Art Authority is a producer of fine-art reproductions for art museums and consumers. The company evolved from an art education app developed for MacOS and iOS. The app presents art pieces in a virtual museum interface. A K–12 edition for the iPad displays only age-appropriate images. The app's developers acquired online art seller 1000Museums in 2016 and have since integrated its web site and product line into the app and the company.

Development
The Art Authority app was created and maintained by Open Door Networks and Project A. A partnership with Bridgeman Art Library to enable users to order reproductions of works from the app was announced on May 30, 2012 and implemented as Prints on Demand on September 25, 2012.

The app includes a database of 100,000 works of art, over 1,500 artists and over 1000 museums and other art locations, and is used by apps such as Art Alert and the Art Channel on Apple TV.

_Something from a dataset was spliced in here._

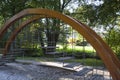 Interactive playground. A wooden arch with a short flight of stairs for balancing on chains. A game for kids.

The app was upgraded for the retina display concurrently with the release of the 3rd-generation iPad. Exploring Art with Art Authority, an e-book companion to the app, was introduced on April 18, 2012. Access to videos for many of the app's major works was added in December, 2013.

Promotion and use
The iPad version of the app has been used in Seton Hill University art history classes since 2010. Art Authority was one of seven applications shown by senior VP Phil Schiller in Apple's January 19, 2012 education-focused special event at the Solomon R. Guggenheim Museum in New York City.

1000museums.com

In August 2016, Art Authority announced that it had acquired art website 1000museums.com, a website that sells archival reproduction prints and which has partnered with the Louvre, the Guggenheim Museum, and the Van Gogh Museum.